A cybersecurity incident may therefore trigger parallel regulatory consequences: action by IRDAI for governance failures alongside potential penalties under the DPDPA for inadequate protection of personal data.

Uneven Compliance Capacity

While the 2026 framework pushes the sector toward a more integrated compliance environment, insurers are increasingly required to align cybersecurity, privacy management, audit systems, and operational risk governance within a single institutional structure.

That burden, however, is unlikely to be distributed evenly across the sector. Large insurers are generally better positioned to absorb the costs associated with advanced governance systems and cyber-risk infrastructure. Smaller intermediaries may face greater operational strain as regulatory expectations become more sophisticated.
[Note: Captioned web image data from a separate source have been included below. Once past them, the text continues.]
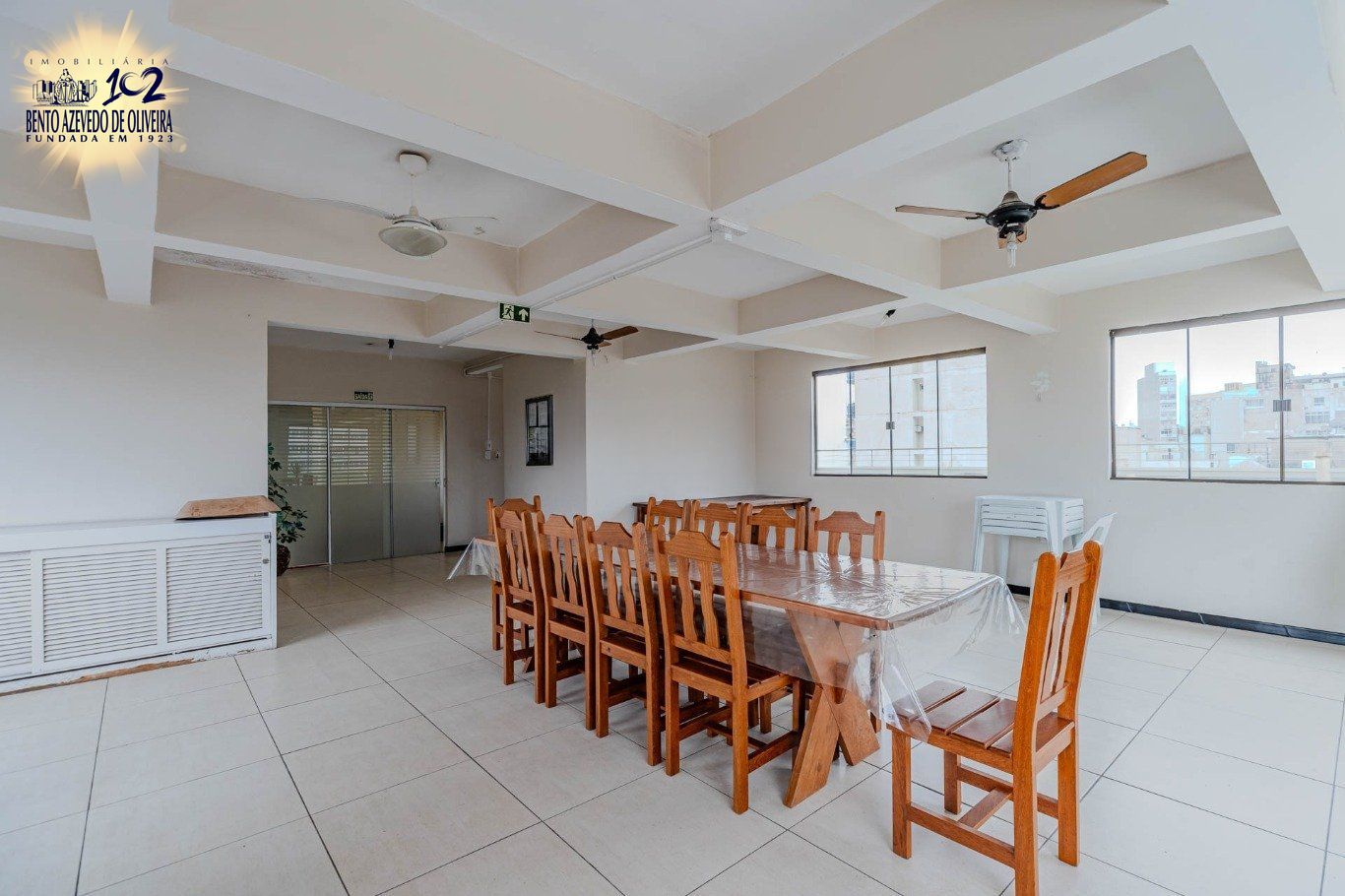 Apartamento, 3 quartos, 112 m² - Foto 28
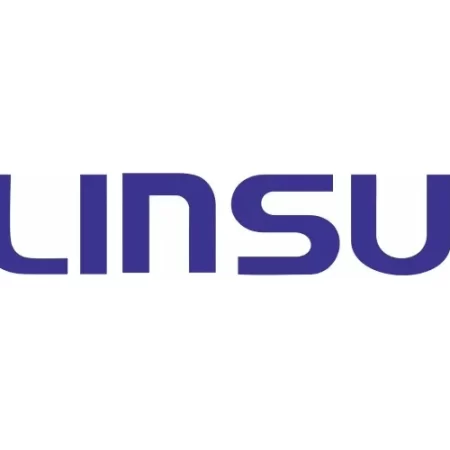 Estribos Redondos 3  Go Rhino Jeep Wrangler Jl 18-22 (4p) - Image 5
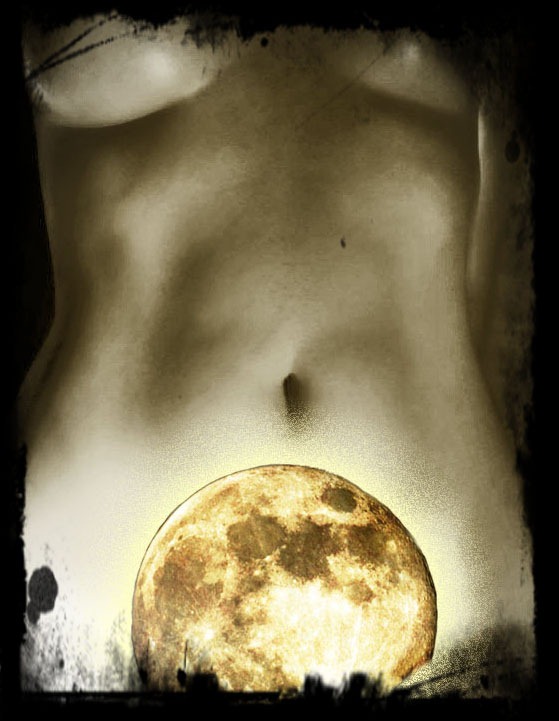 [luna[11].jpg]
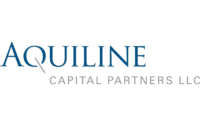 AquilineCapitalPartners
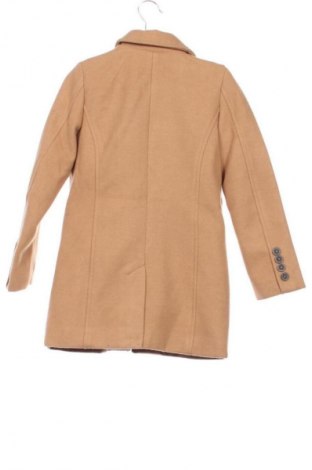 Kindermantel Reserved, Größe 5-6y/ 116-122 cm, Farbe Braun, Preis € 20,00
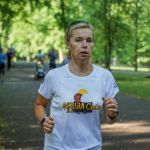 Za nami parkrun po ślonsku [FOTORELACJA] - galeria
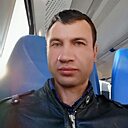 Знакомства: Ромаха, 43 года, Ковров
Over time, cybersecurity governance may also emerge as a competitive differentiator within the insurance market.

The challenge for regulators will be to strengthen cyber resilience without creating compliance structures that disproportionately disadvantage smaller intermediaries.

Governance Is Becoming Central to Cyber Resilience

IRDAI’s 2026 framework suggests that the regulator increasingly views cyber resilience as closely linked to financial stability, operational continuity, and consumer protection. That approach is likely to influence regulatory thinking beyond insurance as India’s financial sector becomes more platform-based and data-intensive.

For regulated entities, the direction of travel is becoming clearer: cyber resilience is increasingly being shaped not only by technological safeguards, but also by the quality of governance structures overseeing them.

The next phase of IRDAI regulation may therefore move toward more proportionate compliance models that account for differences in scale, technological capacity, and systemic exposure across regulated entities while balancing stronger oversight with the operational realities of a highly uneven insurance ecosystem.